AstraZeneca has had high hopes for an immuno-oncology combination of Imfinzi and candidate tremelimumab. But after a high-profile miss last year, the combo has struck out again.
Wednesday, the British drugmaker revealed that the duo had failed to extend the lives of a group of previously untreated patients with stage 4 metastatic non-small cell lung cancer when pitted against a standard-of-care chemo regimen.
But it wasn’t just any group of stage 4 patients where the combo failed. Researchers did the primary analysis among patients with high levels of mutations in their tumors, an experimental biomarker called tumor mutational burden (TMB). Companies including AZ and Bristol-Myers Squibb have said the marker could help identify patients who respond best to their therapies, but so far, trials haven’t shown that to be the case—including this one.
Full results from the phase 3 trial, dubbed Neptune, are still under wraps for now, and they’ll stay that way until AZ presents them at an upcoming medical meeting. “We are fully committed to a deep analysis of the vast clinical and biomarker data from this trial to gain further insights” the company can apply to lung cancer treatment, José Baselga, EVP of oncology R&D, said in a statement.
Imfinzi and tremelimumab have shared a troubled past. Last year, after 16 months of stoking investor hopes that the pair could help first-line lung cancer patients live longer—despite an initial trial miss—AstraZeneca unveiled results from its Mystic trial showing the combo didn’t top chemotherapy by that measure. The flop was a major blow, dashing hopes Imfinzi could enter what’s considered to be immuno-oncology’s most lucrative market.
At the time, execs pointed to an association between better survival outcomes and high TMB levels as a silver lining, hinting that it could use the biomarker to try to carve out a niche for Imfinzi in the future.

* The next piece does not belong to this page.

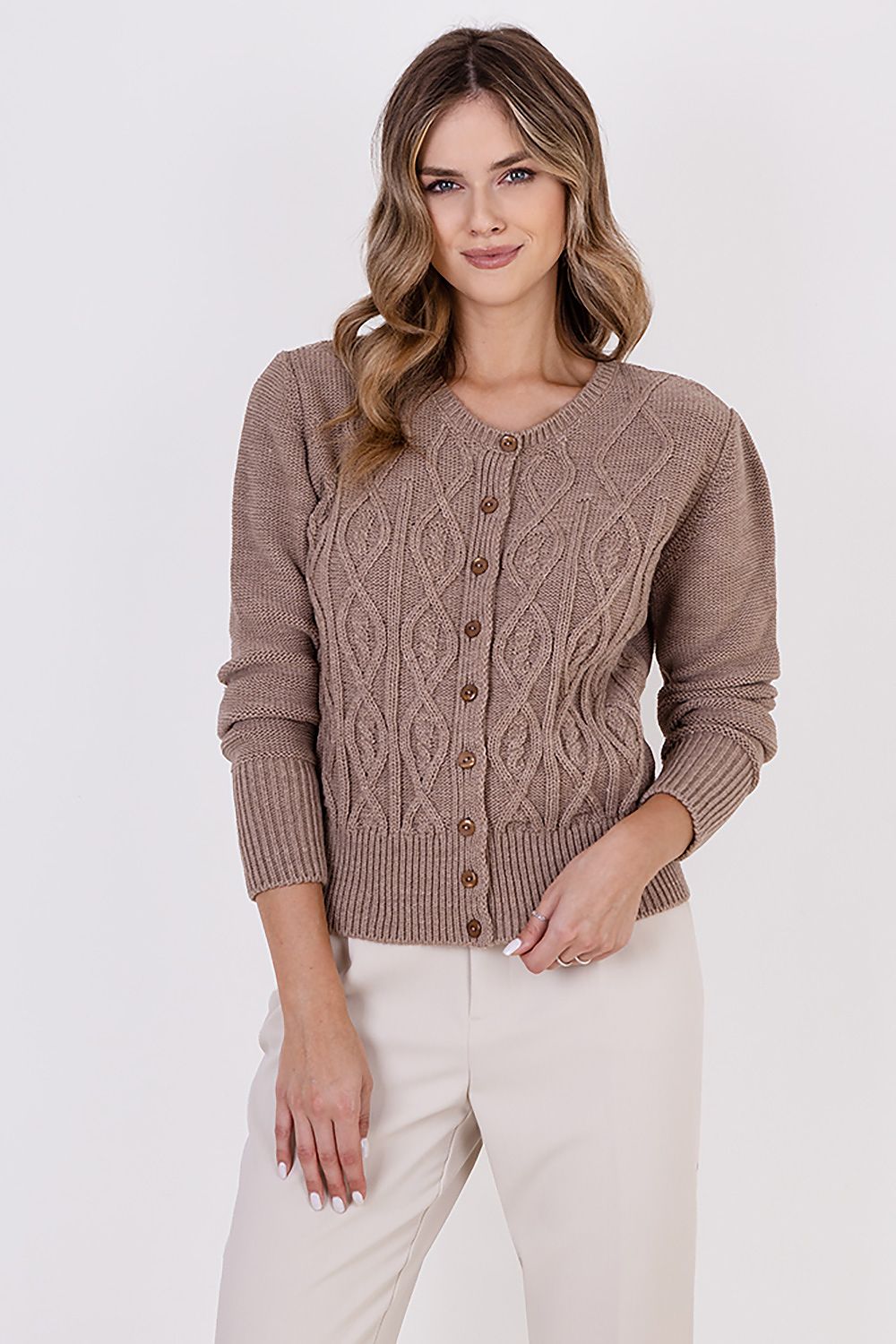 Cardigan - Nibe Clothing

That approach hasn’t gone so well for Bristol-Myers Squibb, though. After initially filing a front-line application for its Opdivo-Yervoy combo—also composed of a PD-1/PD-L1 drug and a CTLA4 drug—in TMB-high patients, it withdrew on grounds that it needed more data to show the pairing produced better results in those patients than it did in the rest of the population.

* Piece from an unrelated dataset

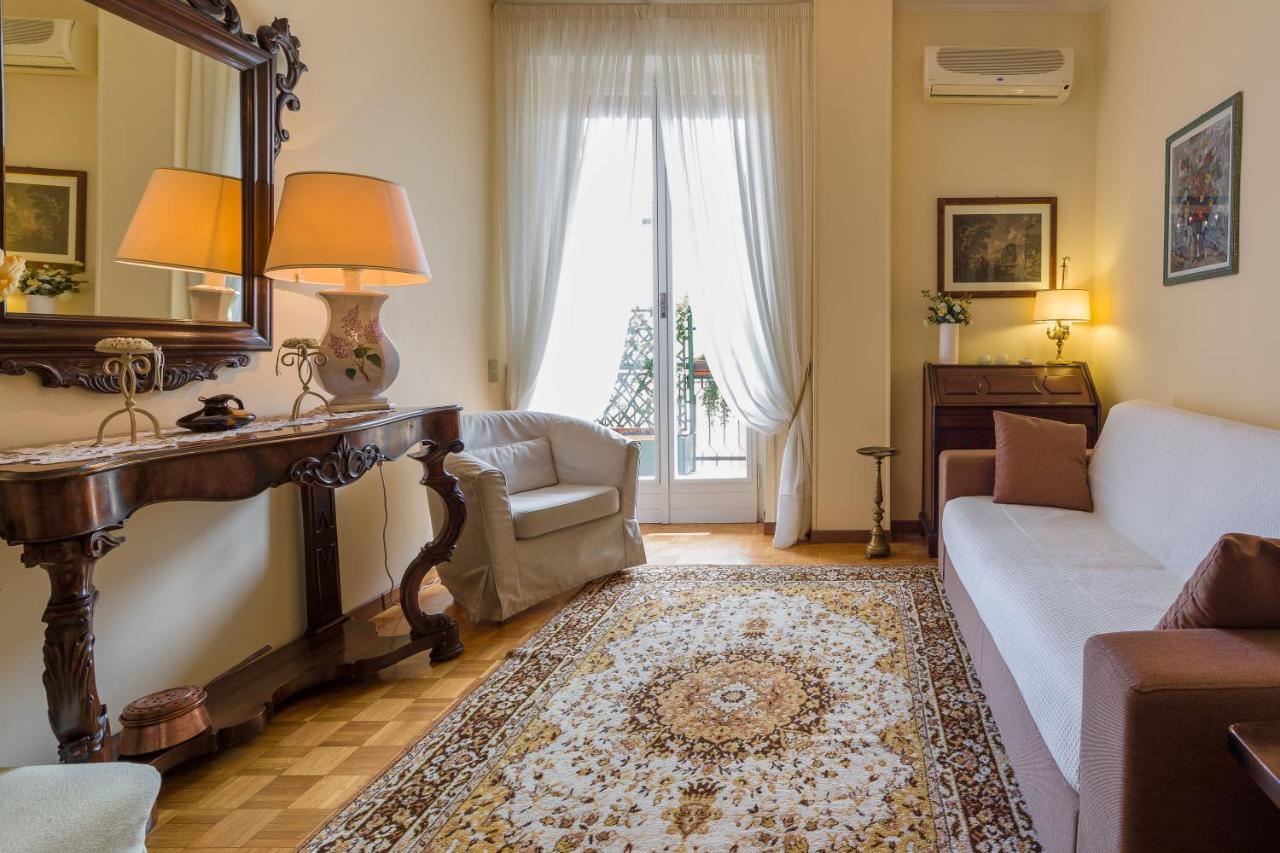 Apartmán Casa Di Gioia Verona Exteriér fotografie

Meanwhile, Imfinzi and tremelimumab’s struggles haven’t been limited to the lung cancer arena. Late last year, neither Imfinzi nor Imfinzi-plus-tremelimumab topped chemo in head and neck cancer, a disease where Imfinzi’s rivals are already approved.
While industry watchers may once have thought that some of the combo’s problems—at least in lung cancer—could stem from the CTLA4 add-on, a recent BMS trial win threw cold water on that idea.

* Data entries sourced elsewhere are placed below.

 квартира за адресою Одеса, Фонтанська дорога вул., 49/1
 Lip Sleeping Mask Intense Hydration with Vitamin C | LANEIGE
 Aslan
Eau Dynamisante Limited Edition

Previously, only IO-chemo combos—from Merck and Roche—had shown they could succeed in previously untreated NSCLC patients; Bristol and AZ both came up short with their CTLA4 pairings. Last month, though, Opdivo and Yervoy showed they could help those patients live longer, provided their cancers bore the biomarker PD-L1.
That’s not to say Imfinzi isn’t crushing it as a solo therapy in lung cancer, though. In Q2, Imfinzi—destined for blockbuster-land—put up $338 million on the back of its indication in previously treated, stage 3 lung cancer patients whose tumors can’t be removed.
And earlier in the summer, an Imfinzi-chemo combo put up a win against solo chemo in extensive-stage small cell lung cancer, a market where AZ hopes to give Roche a run for its money.
AstraZeneca is hoping it can push that luck in stage 4, too. It’s testing Imfinzi solo and in tandem with chemo—with and without tremelimumab—as part of its stage 4 NSCLC program, the company said.